Scraped caption text data:
Segment Open
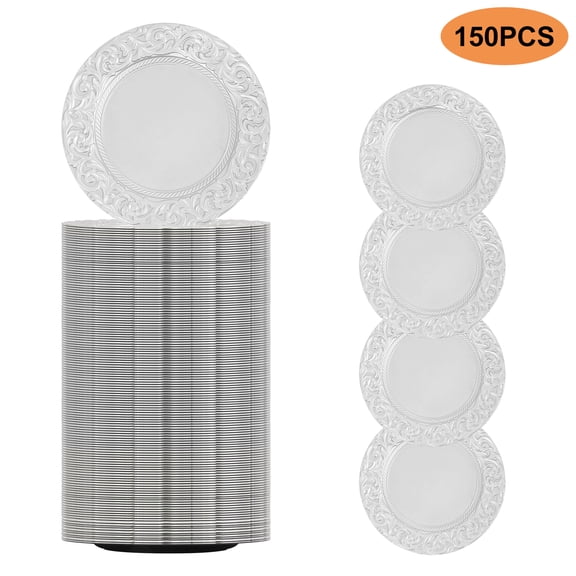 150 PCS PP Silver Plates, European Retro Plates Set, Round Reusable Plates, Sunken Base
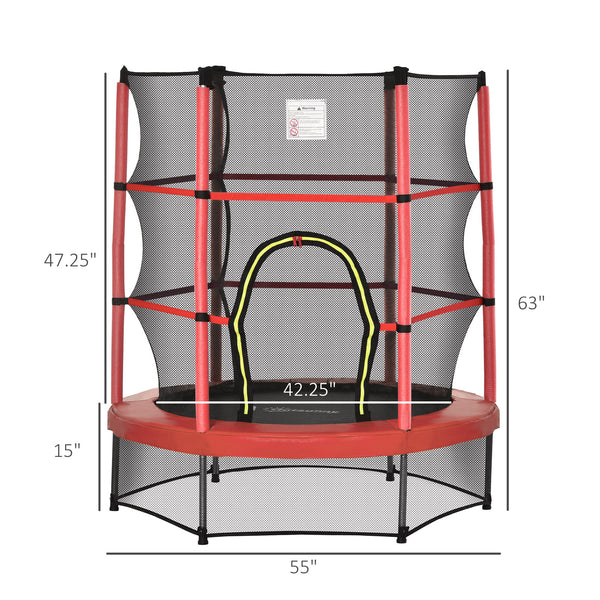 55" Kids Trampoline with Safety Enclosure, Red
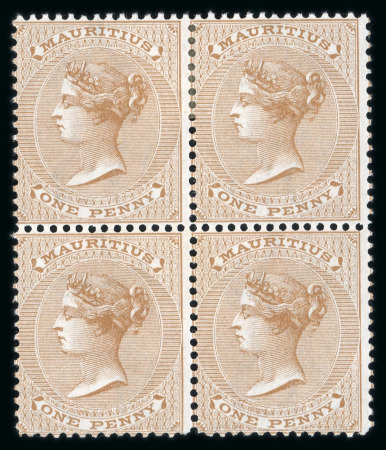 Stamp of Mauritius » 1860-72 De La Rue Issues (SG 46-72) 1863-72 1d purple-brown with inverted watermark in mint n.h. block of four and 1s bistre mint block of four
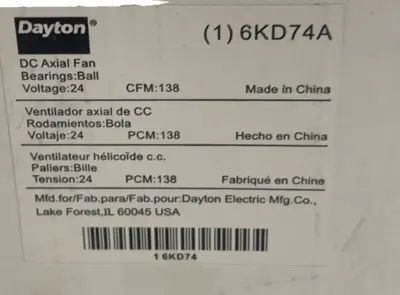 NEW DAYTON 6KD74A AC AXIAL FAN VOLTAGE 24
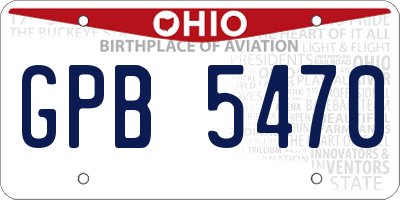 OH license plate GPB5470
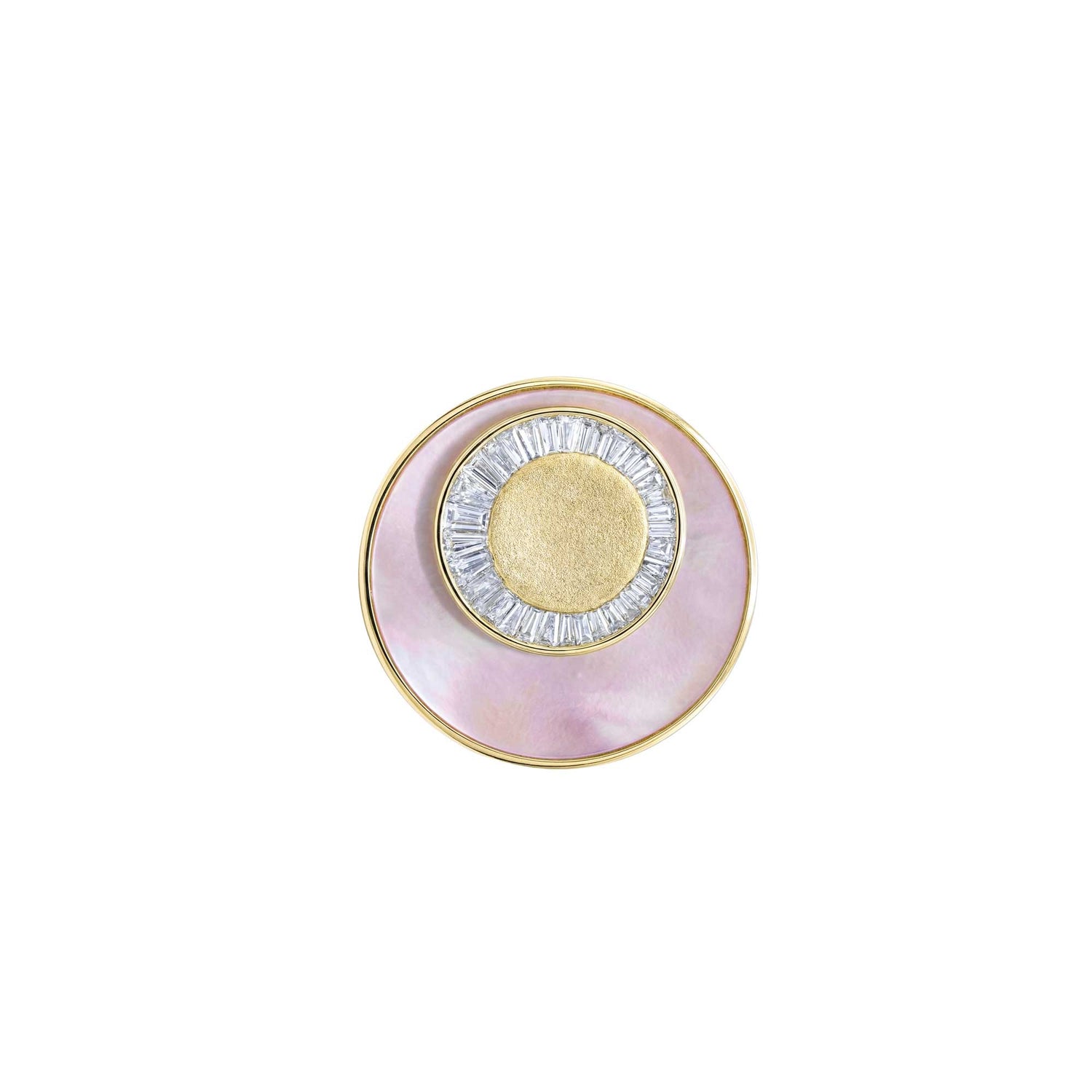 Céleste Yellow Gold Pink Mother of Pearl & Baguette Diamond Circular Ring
Segment Closed
Segment Open
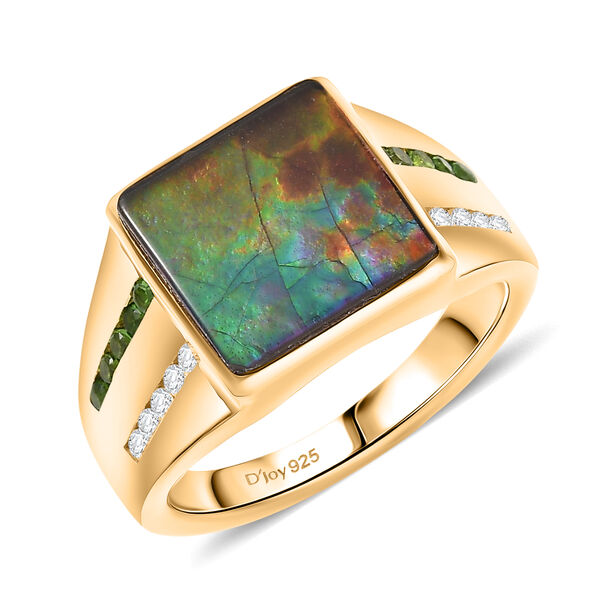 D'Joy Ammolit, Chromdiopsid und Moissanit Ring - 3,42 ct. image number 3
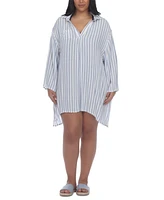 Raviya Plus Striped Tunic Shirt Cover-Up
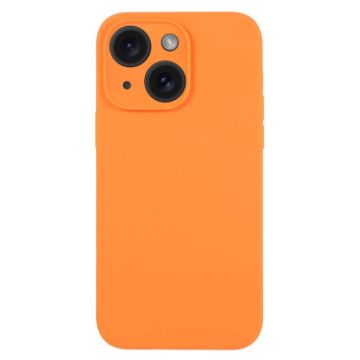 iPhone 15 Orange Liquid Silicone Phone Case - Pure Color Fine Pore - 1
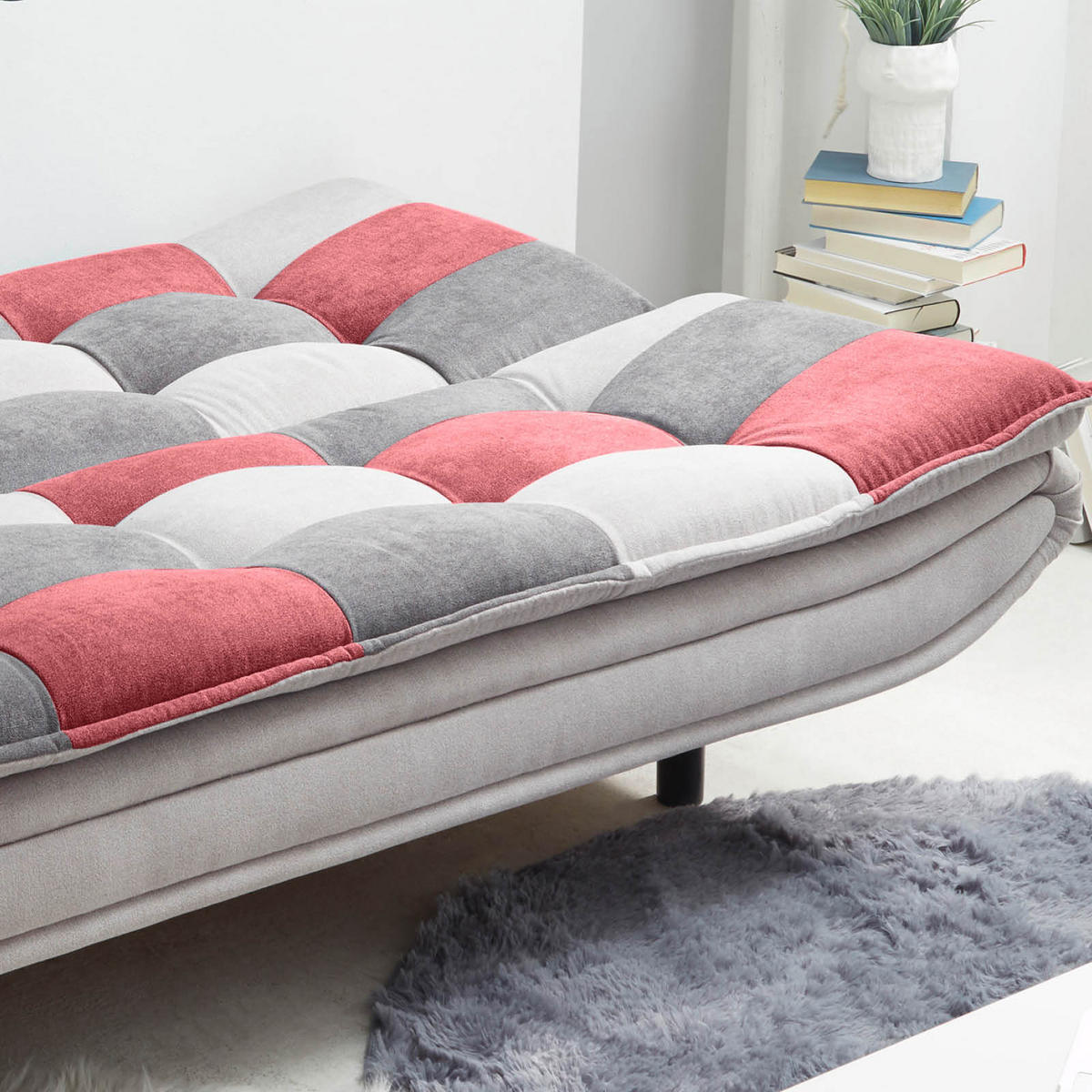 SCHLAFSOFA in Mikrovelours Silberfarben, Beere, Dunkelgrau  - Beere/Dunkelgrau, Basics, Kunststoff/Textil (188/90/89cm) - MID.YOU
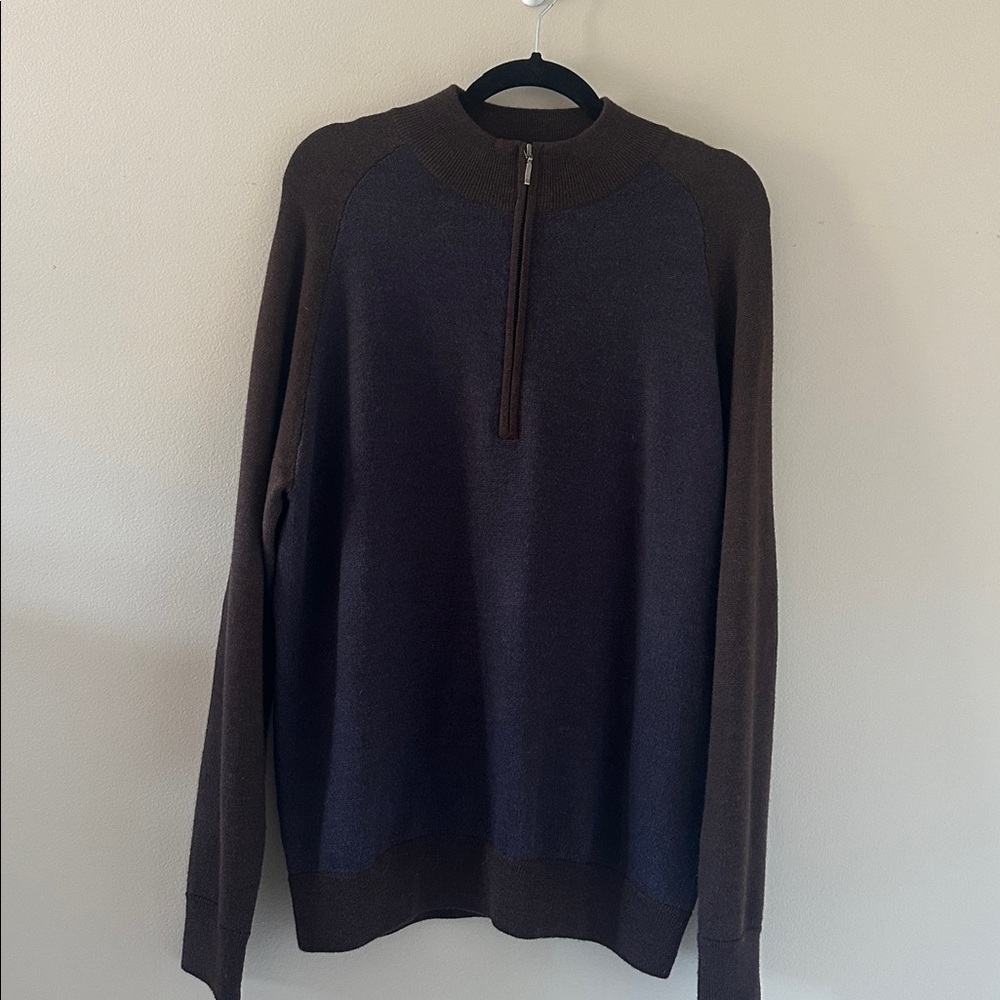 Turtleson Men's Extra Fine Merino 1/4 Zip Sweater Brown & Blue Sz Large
Segment Closed
AIM OF THE EXERCISE
Go to the line above that has "150 PCS PP Silver" and copy exactly from there down to the line that has "Céleste Yellow Gold", both included. Leave the pictures out.

SOLVED EXERCISE
 150 PCS PP Silver Plates, European Retro Plates Set, Round Reusable Plates, Sunken Base
 55" Kids Trampoline with Safety Enclosure, Red
 Stamp of Mauritius » 1860-72 De La Rue Issues (SG 46-72) 1863-72 1d purple-brown with inverted watermark in mint n.h. block of four and 1s bistre mint block of four
 NEW DAYTON 6KD74A AC AXIAL FAN VOLTAGE 24
 OH license plate GPB5470
 Céleste Yellow Gold Pink Mother of Pearl & Baguette Diamond Circular Ring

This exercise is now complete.